45
Теперь его путь лежал в Мыльную слободу, как называли место, где стояли прачечные. Там, среди зловонных канав с синей водой, жил крючкотвор, выправлявший для капитана подложные бумаги.
На слободской улице, как всегда, была грязь — воду здесь выливали на дорогу, застрявшую телегу с грузом серого мыла толкали трое лохматых мужиков. Заслышав верхового, они посторонились, и фон Крисп проехал по сухому краю дороги. У распахнутых ворот одного из домов подводу ждала конопатая баба, глядя мимо капитана, она задумчиво ковыряла в носу.
Доехав до покосившегося дома с саманными стенами, капитан верхом проехал через открытую калитку и, соскочив на землю, поднялся по ветхим ступеням. Дверь оказалась не заперта, хозяин дома, Мангель, лежал поперёк старого кожаного дивана, украденного, как он сам хвастался, с прежнего места службы, откуда выставили и самого Мангеля.
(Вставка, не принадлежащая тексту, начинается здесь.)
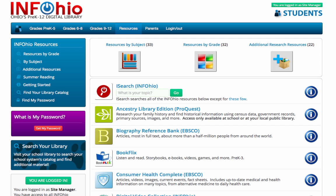Before we start searching, let's discuss the advantages of iSearch. iSearch is the starting place for all types of research. With just one click, you are searching multiple resources that are reviewed for accuracy. iSearch is a safe and valuable alternative to the internet, and it also makes it easier to find resources on your reading level.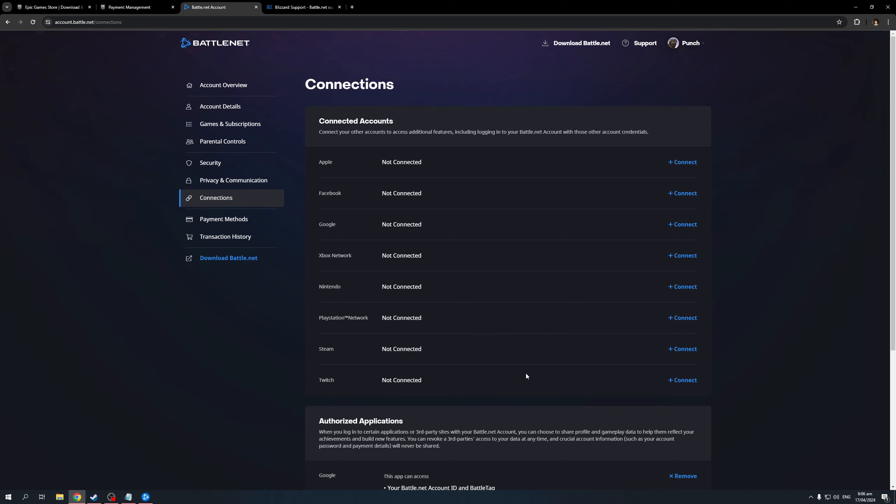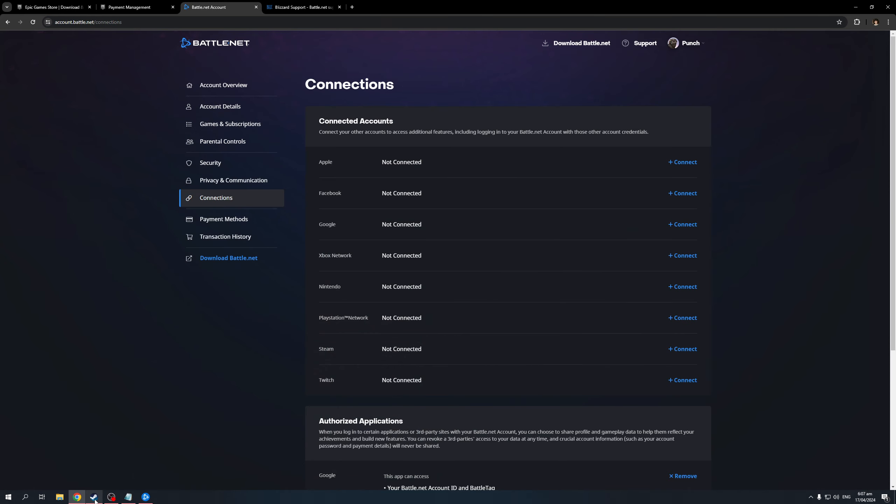To actually make a connection, simply click on connect. This will bring up a little window where you need to log in to your Steam account. Because you're already logged in through the actual launcher, it's an easy process. You basically just need to authenticate the connection, and they'll work their magic in the background. That'll be it.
Человек вздорного нрава, он часто дрался, оттого зубов у него почти не осталось, а один глаз едва открывался. Впрочем, это не мешало ему писать личные письма по просьбе обитателей слободки и составлять прошения, поскольку он был единственным грамотеем в округе, а еще мог подделывать подписи дюжины местных чиновников. На то и пил.
Застав крючкотвора в поверженном состоянии, капитан отыскал на полу, среди мусора, смятый медный кувшин, прошел во двор и на дне смоленой бочки набрал миной, словно налитой из канавы, воды. Вернувшись в комнату, вылил ее на голову Мангелю.
Это возымело действие, пьяница открыл глаза и произнес:
— Доброго здоровья, ваше благородие... — Потом встряхнулся, словно пес, разбрасывая по сторонам капли воды. — Чего изволите, сударь?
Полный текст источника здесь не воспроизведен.